Frau Präsidentin! Meine Damen und Herren! Wir sollten hier eigentlich besser darüber reden, wie wir saubere Luft in unsere Städte bekommen können. Wir müssen nicht darüber sprechen, ob Stickoxide und Feinstaub krank machen oder ob Grenzwerte, egal wie hoch sie sind, nötig sind.

(Karsten Hilse [AfD]: Doch! Darüber müssen wir reden!)
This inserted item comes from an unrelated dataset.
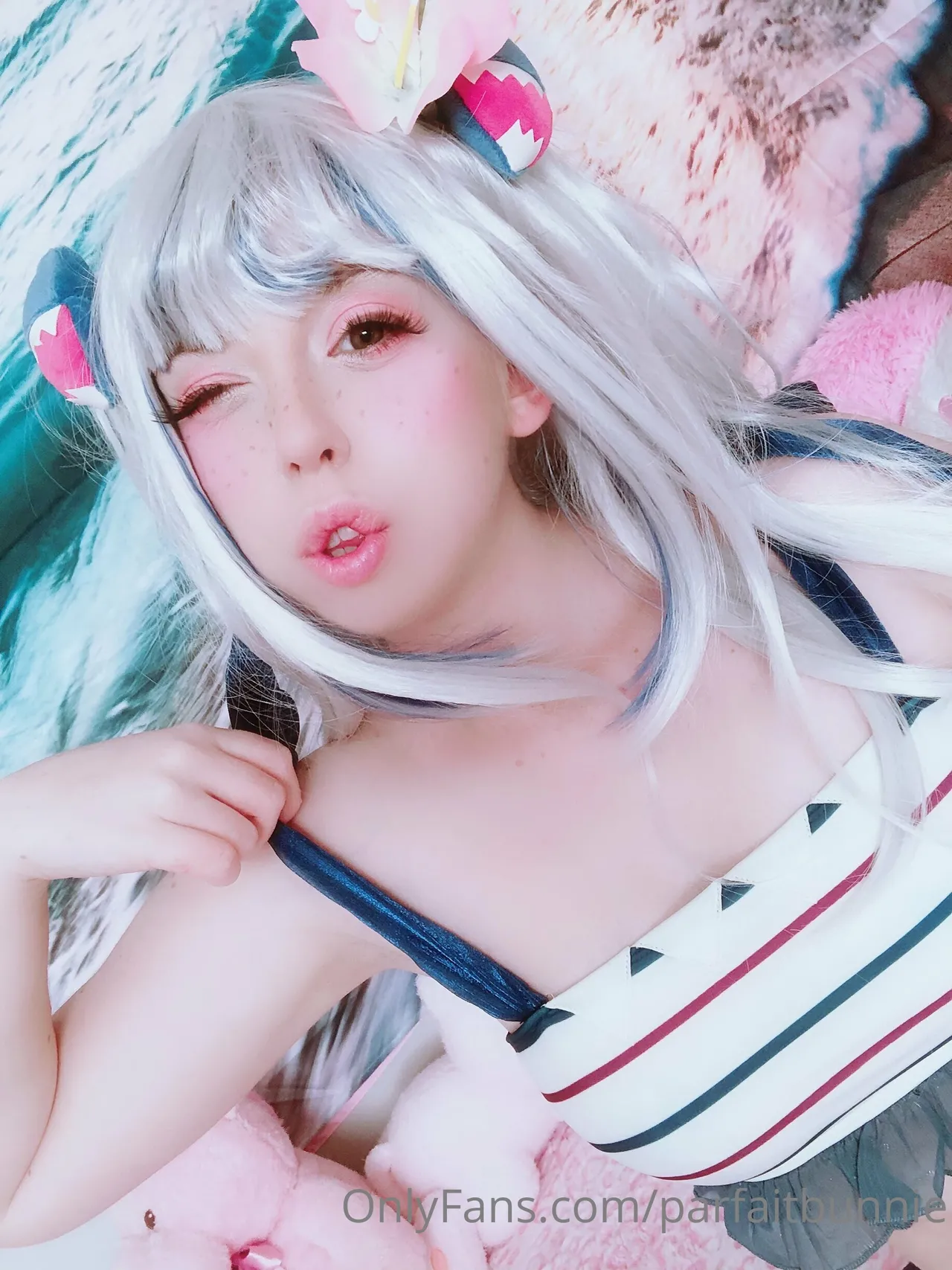 Parfait Bunnie - Gura Parfait Bunnie - Gura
Das ist alles vielfach bewiesen, selbst wenn der Letzte das noch nicht kapiert hat. Für mich ist jedenfalls klar: Jeder Mensch hat ein Recht auf saubere Luft,

(Beifall beim BÜNDNIS 90/DIE GRÜNEN)

und zwar vor allem empfindliche Menschen, Kinder und Kranke. Das zu regeln, ist die Aufgabe des Bundes-Immissionsschutzgesetzes, und es regelt völlig klar, was zu tun ist.

(Zuruf von der FDP: Jetzt hören Sie doch mal auf, den Leuten Angst zu machen!)
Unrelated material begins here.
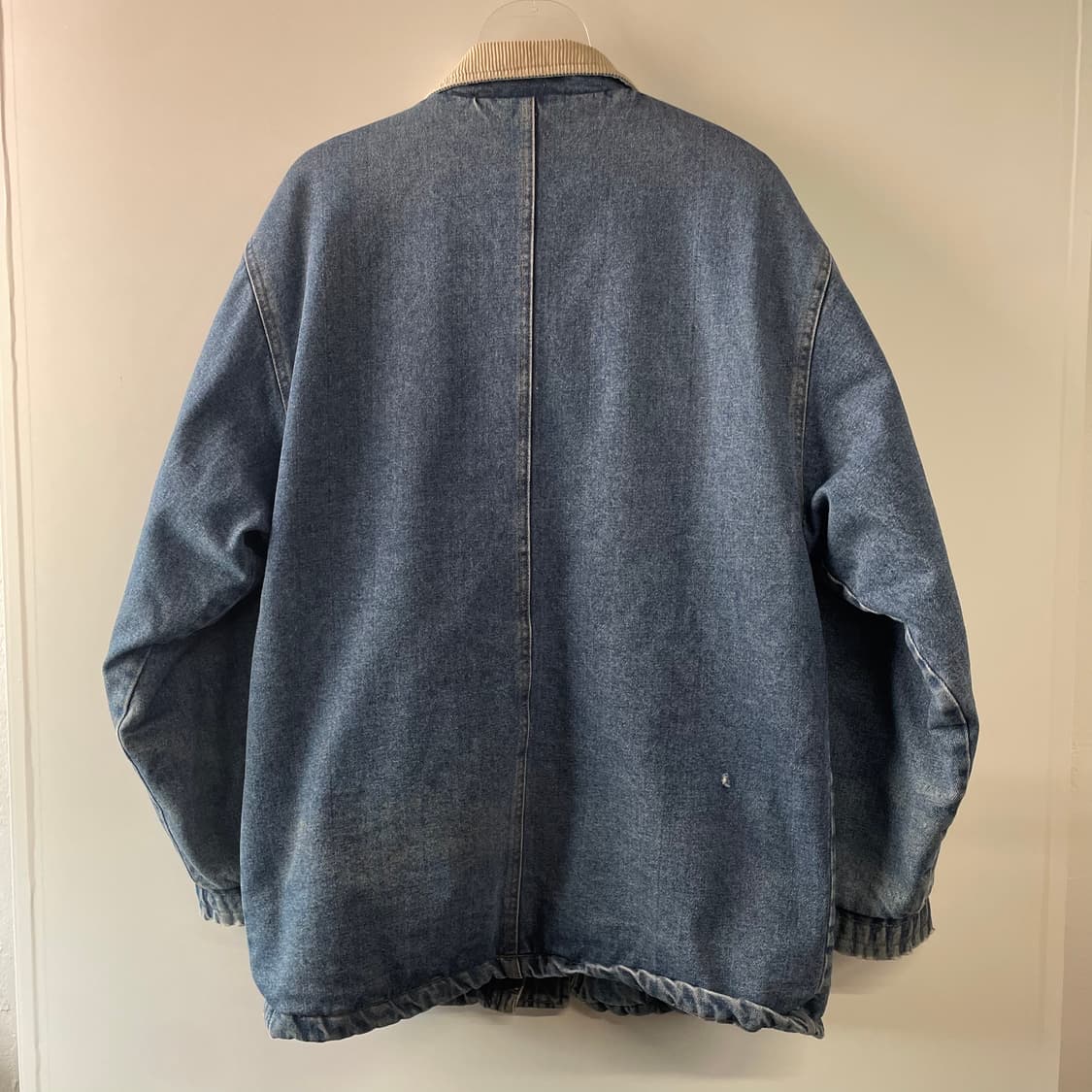 90s 산타페트레일 파이어맨자켓 상품이미지7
Stattdessen will die Bundesregierung heute über eine angebliche Klarstellung in diesem Gesetz verhandeln. Danach sollen Fahrverbote in der Regel unverhältnismäßig sein in Städten, in denen der Grenzwert um satte 25 Prozent überschritten wird. Ich frage mich: Was ist daran unverhältnismäßig? Es ist völlig berechtigt.

(Beifall beim BÜNDNIS 90/DIE GRÜNEN)

Herr Möring, bei allem Respekt, aber Ihre Begründung eben – – Herr Möring, ich würde Sie gerne noch einmal ansprechen.

Vizepräsidentin Claudia Roth:

Herr Möring, Sie werden gerade angesprochen.

(Karsten Möring [CDU/CSU]: Pardon!)

Dr. Bettina Hoffmann (BÜNDNIS 90/DIE GRÜNEN):

Ihre Begründung eben ist aus meiner Sicht ein echt starkes Stück. Sie sagen nämlich, dass Ihnen die Abwägung der Gerichte nicht gefallen habe und Sie deshalb eingreifen. Das können Sie gerne noch einmal nachlesen. Also, das wäre echt ziemlich heftig, würde ich sagen.

(Beifall beim BÜNDNIS 90/DIE GRÜNEN sowie bei Abgeordneten der LINKEN)

Ihre angebliche Klarstellung sorgt nur für Verwirrung. Dieser Gesetzentwurf wird die Fahrverbote auf keinen Fall verhindern. Das Bundesverwaltungsgericht hat, wie Sie gesagt haben, glasklar geurteilt: Wenn einzig Fahrverbote helfen, um die Luft schnellstmöglich sauber zu bekommen, dann müssen diese Fahrverbote auch umgesetzt werden, und zwar weil das EU-Recht das zwingend vorschreibt.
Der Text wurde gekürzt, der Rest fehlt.